→ Task instructions: Every line of the records below that holds the word "Size" should be copied out.

→ Data shown:

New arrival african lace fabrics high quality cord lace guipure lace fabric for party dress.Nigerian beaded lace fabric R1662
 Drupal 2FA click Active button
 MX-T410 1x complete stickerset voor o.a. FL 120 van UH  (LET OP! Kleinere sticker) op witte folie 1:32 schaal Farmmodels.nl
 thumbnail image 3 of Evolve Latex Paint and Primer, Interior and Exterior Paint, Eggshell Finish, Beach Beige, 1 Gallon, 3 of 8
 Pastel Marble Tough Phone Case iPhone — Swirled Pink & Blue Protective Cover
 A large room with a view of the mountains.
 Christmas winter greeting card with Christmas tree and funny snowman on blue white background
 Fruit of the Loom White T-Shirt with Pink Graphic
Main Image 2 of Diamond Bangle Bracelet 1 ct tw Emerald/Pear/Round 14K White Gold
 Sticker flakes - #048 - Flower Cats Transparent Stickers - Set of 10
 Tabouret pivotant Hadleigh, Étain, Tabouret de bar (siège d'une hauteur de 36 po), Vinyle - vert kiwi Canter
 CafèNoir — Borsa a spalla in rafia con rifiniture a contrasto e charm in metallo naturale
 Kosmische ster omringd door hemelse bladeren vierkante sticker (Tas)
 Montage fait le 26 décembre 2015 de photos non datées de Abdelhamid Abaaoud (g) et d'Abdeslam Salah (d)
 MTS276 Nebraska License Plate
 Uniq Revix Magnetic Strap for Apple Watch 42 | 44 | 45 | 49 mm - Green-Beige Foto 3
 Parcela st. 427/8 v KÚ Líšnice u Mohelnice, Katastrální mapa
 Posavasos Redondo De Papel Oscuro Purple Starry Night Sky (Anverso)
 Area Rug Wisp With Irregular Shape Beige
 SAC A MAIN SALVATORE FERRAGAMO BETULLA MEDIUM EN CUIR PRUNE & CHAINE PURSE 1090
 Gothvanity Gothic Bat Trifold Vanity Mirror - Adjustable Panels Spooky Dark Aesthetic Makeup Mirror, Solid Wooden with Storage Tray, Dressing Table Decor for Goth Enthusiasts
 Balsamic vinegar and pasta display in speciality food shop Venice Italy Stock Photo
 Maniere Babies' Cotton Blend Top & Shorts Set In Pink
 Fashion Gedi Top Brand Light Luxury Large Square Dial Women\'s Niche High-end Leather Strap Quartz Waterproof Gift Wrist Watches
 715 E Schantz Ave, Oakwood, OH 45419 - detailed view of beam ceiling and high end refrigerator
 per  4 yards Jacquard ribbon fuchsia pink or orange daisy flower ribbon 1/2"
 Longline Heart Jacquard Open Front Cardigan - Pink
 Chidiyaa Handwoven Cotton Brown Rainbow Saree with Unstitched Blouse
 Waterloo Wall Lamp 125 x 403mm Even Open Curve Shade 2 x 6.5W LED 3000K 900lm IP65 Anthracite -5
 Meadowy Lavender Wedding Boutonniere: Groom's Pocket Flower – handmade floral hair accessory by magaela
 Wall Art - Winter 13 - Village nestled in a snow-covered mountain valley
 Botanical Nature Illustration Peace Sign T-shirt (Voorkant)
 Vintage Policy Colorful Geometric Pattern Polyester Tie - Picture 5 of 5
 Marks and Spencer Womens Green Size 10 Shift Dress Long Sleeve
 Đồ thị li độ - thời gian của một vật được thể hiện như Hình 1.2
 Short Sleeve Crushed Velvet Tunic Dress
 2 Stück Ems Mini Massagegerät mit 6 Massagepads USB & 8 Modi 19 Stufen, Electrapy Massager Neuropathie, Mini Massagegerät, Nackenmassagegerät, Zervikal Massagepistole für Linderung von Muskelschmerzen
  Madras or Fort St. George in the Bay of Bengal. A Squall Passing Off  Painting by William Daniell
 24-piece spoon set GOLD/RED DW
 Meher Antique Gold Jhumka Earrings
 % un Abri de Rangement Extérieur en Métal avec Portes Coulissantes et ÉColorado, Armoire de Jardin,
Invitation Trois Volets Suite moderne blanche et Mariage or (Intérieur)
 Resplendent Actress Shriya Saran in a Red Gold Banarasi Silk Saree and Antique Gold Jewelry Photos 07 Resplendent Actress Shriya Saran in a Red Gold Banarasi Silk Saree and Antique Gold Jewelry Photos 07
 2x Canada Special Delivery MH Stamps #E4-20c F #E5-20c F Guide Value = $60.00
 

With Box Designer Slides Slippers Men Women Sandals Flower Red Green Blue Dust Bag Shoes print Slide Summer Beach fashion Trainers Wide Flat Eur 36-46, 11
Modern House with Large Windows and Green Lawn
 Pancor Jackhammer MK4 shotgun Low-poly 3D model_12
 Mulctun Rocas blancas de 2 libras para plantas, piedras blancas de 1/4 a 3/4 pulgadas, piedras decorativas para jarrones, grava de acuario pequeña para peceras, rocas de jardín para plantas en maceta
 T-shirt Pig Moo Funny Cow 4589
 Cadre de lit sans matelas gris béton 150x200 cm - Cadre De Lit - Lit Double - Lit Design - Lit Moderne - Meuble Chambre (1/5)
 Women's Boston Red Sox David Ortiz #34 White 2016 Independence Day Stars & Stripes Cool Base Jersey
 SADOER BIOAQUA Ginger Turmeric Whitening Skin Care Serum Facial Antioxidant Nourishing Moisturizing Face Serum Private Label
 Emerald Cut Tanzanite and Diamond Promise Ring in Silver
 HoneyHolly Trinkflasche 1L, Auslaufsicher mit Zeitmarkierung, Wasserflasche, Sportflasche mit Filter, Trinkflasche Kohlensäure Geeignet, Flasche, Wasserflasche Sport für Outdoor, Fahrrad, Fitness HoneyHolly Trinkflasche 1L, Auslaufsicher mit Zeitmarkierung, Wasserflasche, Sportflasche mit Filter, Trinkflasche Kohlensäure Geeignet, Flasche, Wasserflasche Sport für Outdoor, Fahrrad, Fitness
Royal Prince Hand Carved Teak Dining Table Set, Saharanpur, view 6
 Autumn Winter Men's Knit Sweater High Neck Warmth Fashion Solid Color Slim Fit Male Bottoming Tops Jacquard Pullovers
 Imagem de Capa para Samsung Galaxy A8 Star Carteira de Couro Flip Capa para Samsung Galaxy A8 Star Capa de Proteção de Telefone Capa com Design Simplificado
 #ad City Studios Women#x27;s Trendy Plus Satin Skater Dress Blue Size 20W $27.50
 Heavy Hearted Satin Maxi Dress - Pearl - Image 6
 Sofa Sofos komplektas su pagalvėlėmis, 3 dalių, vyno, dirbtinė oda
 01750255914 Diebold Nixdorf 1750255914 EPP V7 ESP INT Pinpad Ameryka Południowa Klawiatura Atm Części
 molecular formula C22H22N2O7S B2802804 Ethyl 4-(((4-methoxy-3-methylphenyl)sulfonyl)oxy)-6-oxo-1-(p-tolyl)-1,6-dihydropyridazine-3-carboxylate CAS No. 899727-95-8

→ Expected output:
 Marks and Spencer Womens Green Size 10 Shift Dress Long Sleeve
 #ad City Studios Women#x27;s Trendy Plus Satin Skater Dress Blue Size 20W $27.50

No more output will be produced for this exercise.